Jagger Says `Brexit' May Bring U.K. Satisfaction -- Eventually

  • Rolling Stones front man makes comments in Sky News interview
  • Says exit may be detrimental short-term, beneficial long-term

Mick Jagger arrives at an event in London, England on April 4.

Photographer: Mike Marsland

Rolling Stones front man Mick Jagger intervened in David Cameron’s campaign to keep Britain in the European Union by saying an exit from the bloc might eventually benefit the country.

Acknowledging that the referendum on June 23 won’t make a “huge difference” to him personally, Jagger said in an interview with Sky News television posted on the broadcaster’s website on Tuesday that while he sees short-term risks to a so-called Brexit, it could pay off after a couple of decades.

“I think to the country in the short term it will be detrimental if we stay out,” Jagger said. “In the longer term, in a 20-year term, it might turn out to be beneficial.”

With just over two months to go before a vote that’s already split Prime Minister Cameron’s Conservative Party, polls remain close, with those backing remaining in the EU narrowly in the lead. The Leave.EU campaign, one of the groups pushing for Brexit, seized on Jagger’s remarks, tweeting an image of the singer against a British flag with the slogan “Let’s move like Jagger and get out of the EU.”

With Cameron campaigning for in, and several of his own ministers backing an exit, speculation is increasing that a no vote could force the prime minister to step down.

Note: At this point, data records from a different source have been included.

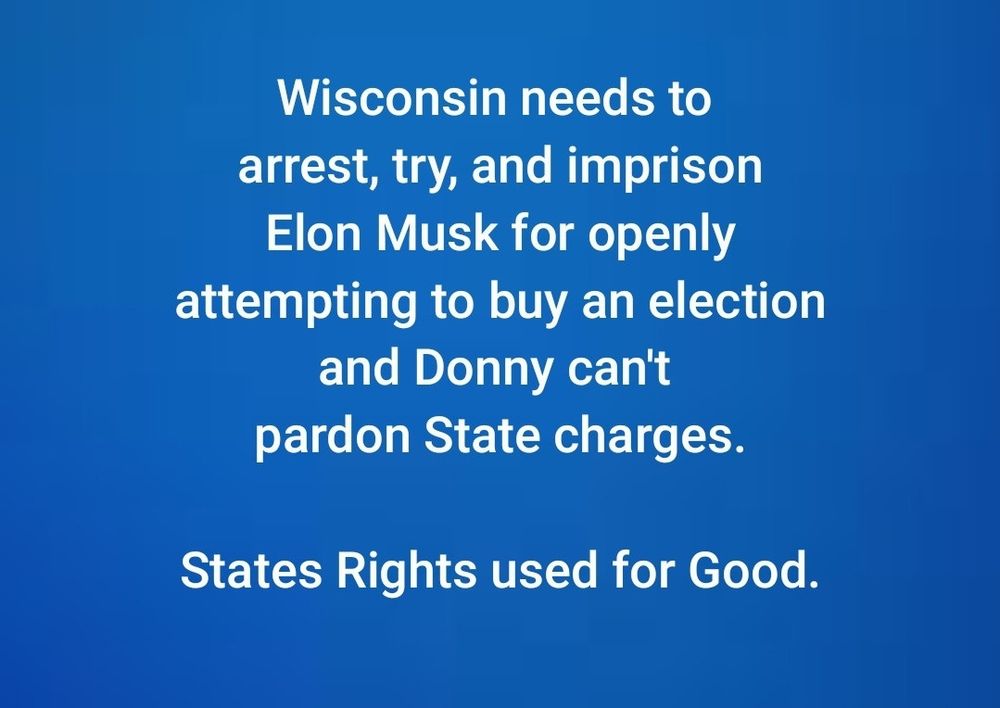 text only: "Wisconsin needs to arrest, try, and imprison Elon Musk for openly attempting to buy an election and Donny can't pardon State charges. States Rights used for Good."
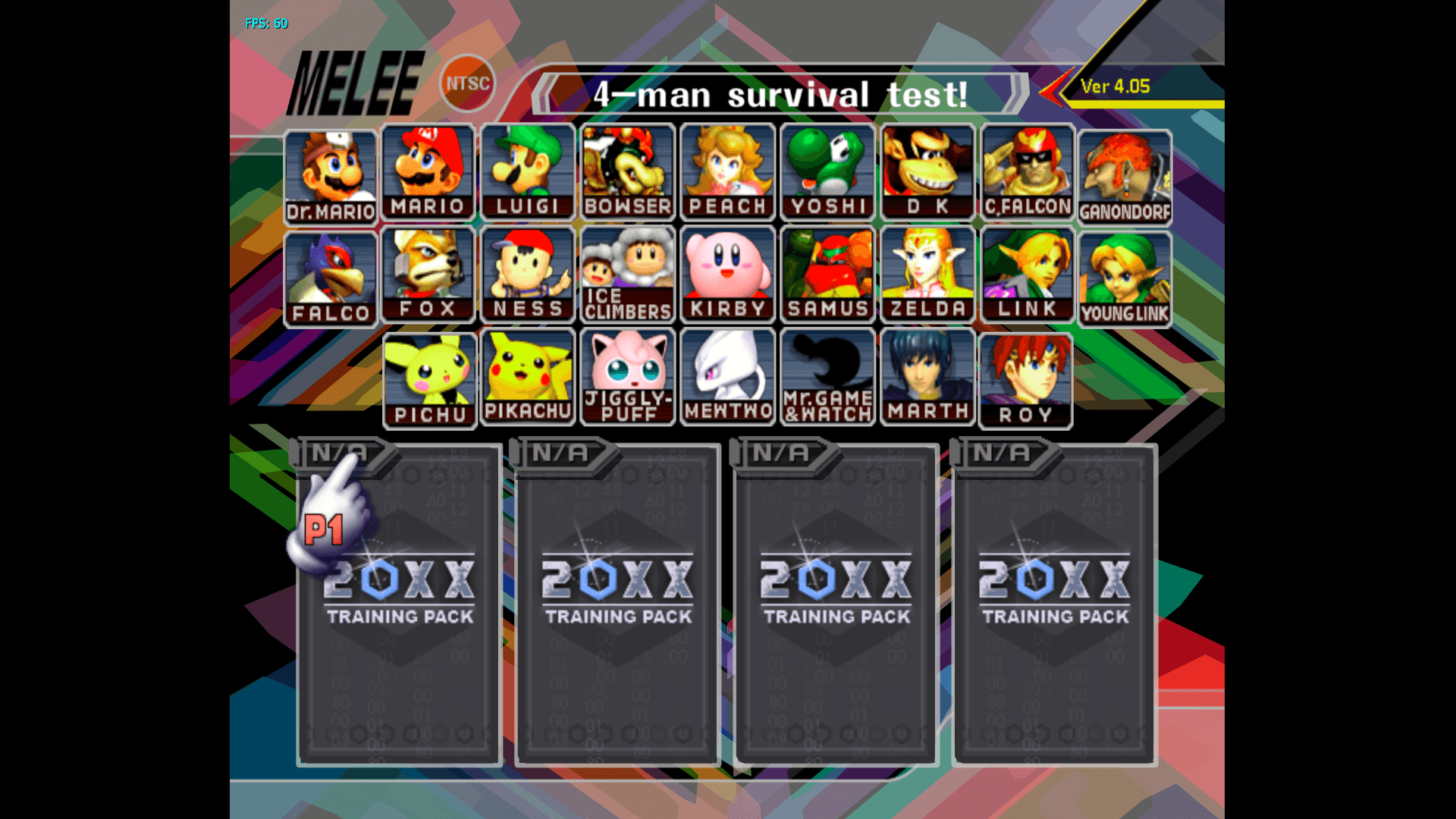 Super Smash Bros. Melee character select screen that has been heavily modified to be more colorful.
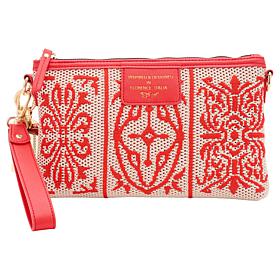"As Is" Sharif Sicily Tile Embroidered Wristlet Clutch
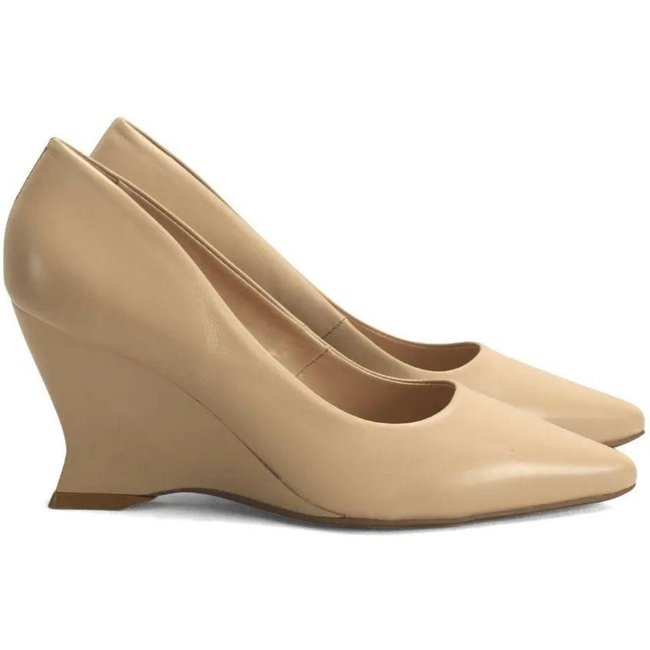 Scarpin Couro Anabelado Amêndoa Ana Mello Elegância Casual Incolor
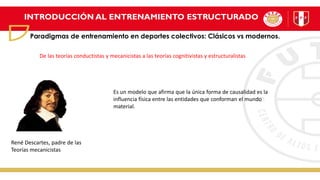 INTRODUCCIÓN AL ENTRENAMIENTO ESTRUCTURADO
Paradigmas de entrenamiento en deportes colectivos: Clásicos vs modernos.
René Descartes, padre de las
Teorías mecanicistas
Es un modelo que afirma que la única forma de causalidad es la
influencia física entre las entidades que conforman el mundo
material.
De las teorías conductistas y mecanicistas a las teorías cognitivistas y estructuralistas
 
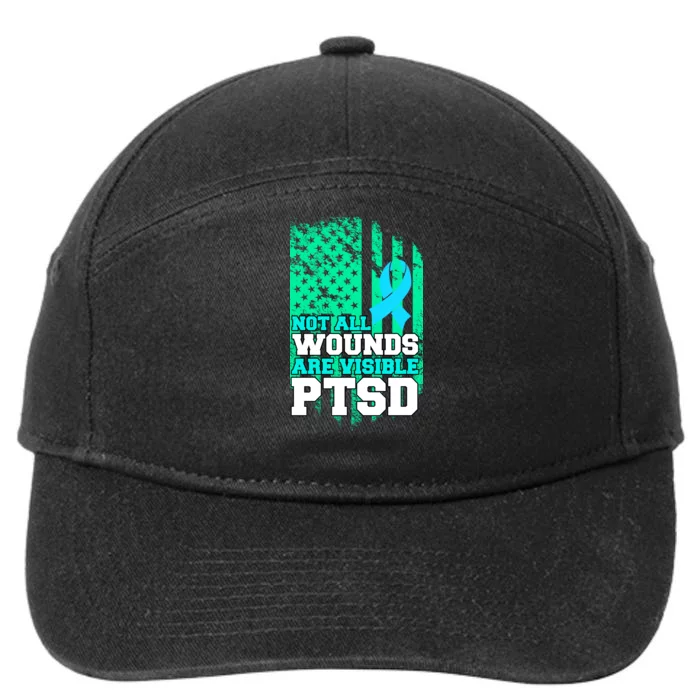 PTSD Flag Not All Wounds Are Visible 7-Panel Snapback Hat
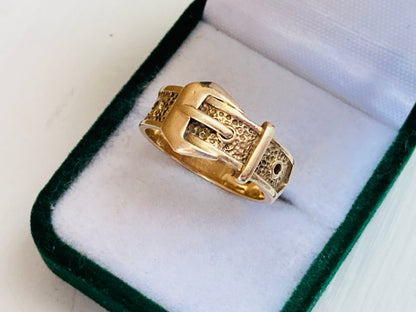 Vintage 9ct Gold Belt Buckle Ring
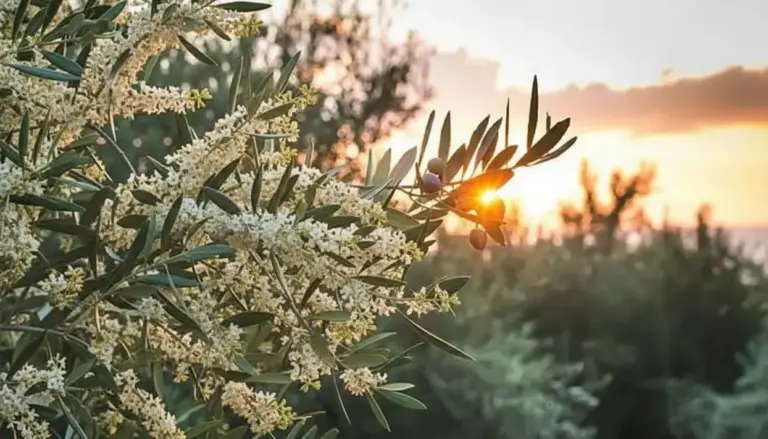 Ramo di ulivo in fiore al tramonto in un paesaggio naturale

“I wonder if David Cameron, if he was asked today, whether he would actually
want to put this out for a referendum now,” Jagger mused.

Cameron pushed the case for staying in at a campaign event in Birmingham, central England, on Thursday, telling his audience that “if we left the EU it’s pretty clear, and the Bank of England has said this, there’d be a shock to our economy, and we would suffer in terms of a fall in our currency, a fall in our GDP, our output.”